Government outlines network of border infrastructure projects, as it braces for an Opposition attack on the LAC standoff


India’s connectivity projects with Bhutan, Bangladesh, Nepal and Myanmar have been accelerated due to its “obvious” concerns about the frontier with China, External Affairs Minister S. Jaishankar said on Tuesday. He cited a number of infrastructure projects along the Line of Actual Control (LAC), and border connectivity efforts with “friendly neighbours”, including all nations who share land borders with India, except Pakistan.

“We have focused on rapid development of infrastructure along the northern borders with China for obvious strategic reasons,” Mr. Jaishankar told a group of journalists. “We have focused on rapidly developing border connectivity with our friendly neighbours to enhance trade, energy and other people-to-people exchanges,” he reportedly added, ahead of an expected attack by Opposition parties in Parliament on the ongoing military standoff with China at the LAC.

On Monday, Congress MP Manish Tewari gave an adjournment notice, which was subsequently disallowed, to discuss what he called “China’s land grab”, including the recent official report for a security conference on the loss of access to 26 of 65 patrolling points at the LAC, which had been reported in The Hindu. On Tuesday, Congress MP Adhir Ranjan Chowdhury also raised the China border issue in the debate on the motion of thanks to the President’s address.

Upcoming Chinese visits

Mr, Jaishankar also told journalists that work began last month on the strategically important 135 km-long Chushul-Dungti-Fukche-Demchok road in the Ladakh region, news agency PTI reported.

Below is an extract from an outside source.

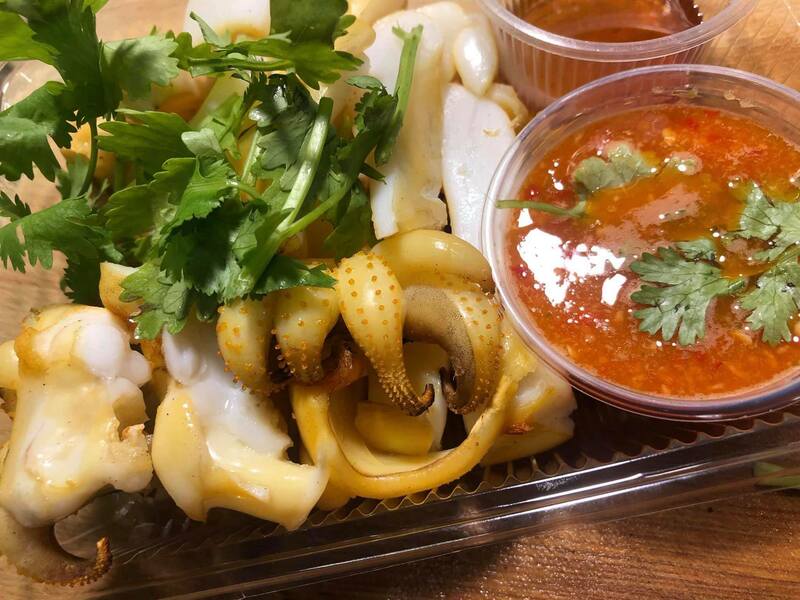 top 5+ ร้านปลาหมึกย่างตัวใหญ่ๆ สดใหม่ น้ำจิ้มเด็ด ท้าให้ลอง @กรุงเทพฯ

The Minister’s statement, one of the rare times that the government has expressly articulated the Chinese challenge at the LAC since April 2020, is significant as it comes three weeks before a visit by Chinese Foreign Minister Qin Gang.

Mr. Gang is expected to visit Delhi for the G-20 Foreign Ministers’ meeting on March 1-2, and is also invited to the Shanghai Cooperation Organisation (SCO) Foreign Ministers’ meeting in Goa in early May. Chinese President Xi Jinping will also be invited to the SCO Summit being planned in June this year, and to the G-20 summit in September.

Strategic infrastructure

According to a document circulated by the government, the length of roads constructed in the “China-border areas” during the last eight years (6806 km between 2014-2022) was nearly double the length of roads constructed in the preceding six years (3610 km between 2008-2014). It claimed that the same was true for bridge construction in border areas. The document also cites the completion of the 9.02 km-long Atal tunnel, the world’s longest tunnel above 10,000 feet, as well as the highest motorable road over the Umlingla Pass at 19,024 feet in southern Ladakh’s Demchok area, as important achievements.

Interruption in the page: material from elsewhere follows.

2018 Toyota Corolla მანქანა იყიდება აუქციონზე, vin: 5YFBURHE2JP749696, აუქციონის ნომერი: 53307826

In addition, the document listed road, rail, bridge and port connectivity projects in the neighbourhood, including the development and modernisation of integrated check points for smoother trade flows with Nepal, Bangladesh, and Bhutan. In Nepal, the government has committed ₹500 crore for the construction of 10 roads totalling 306 km in the Terai region, and is working on rail links with all neighbours to India’s north and east.

The government has also sanctioned funding for cross-border power transmission lines with Bangladesh and Nepal, as well as “South Asia’s first cross-border petroleum products pipeline” between Motihari in India and Amlekhgunj in Nepal, and another high speed diesel pipeline with Bangladesh, that will help reduce petrol prices and road congestion. The document also mentions the Kaladan Multi-Modal Transit Transport Project being undertaken by the government in Myanmar, including the Paletwa inland waterway and the Sittwe Port, as a “strategic project”.

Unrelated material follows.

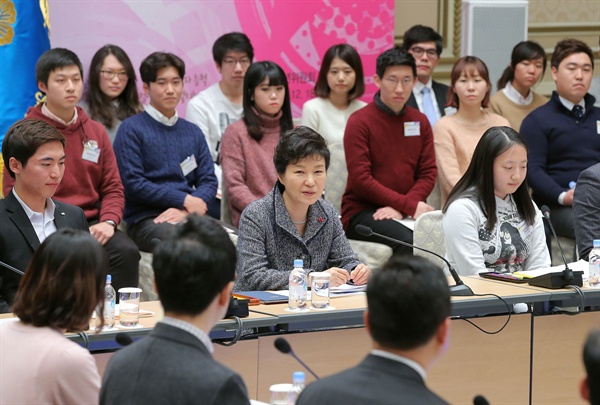 지난 2014년 12월 18일 박근혜 대통령이청와대 영빈관에서 열린 제6차 청년위원회 회의에서 모두 발언을 하고 있다.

Other “strategic achievements” at the LAC, according to the document, are the opening of 16 mountain passes ahead of time from previous years, and a number of bridge and tunnel projects in Arunachal Pradesh, which was the site of the most recent India-China skirmish in Yangtse, where Chinese soldiers attempted to overrun an Indian post. It also commends work on adopting new technologies to create year-round access to the most remote areas covered by permafrost, thus enabling strategic or military movement.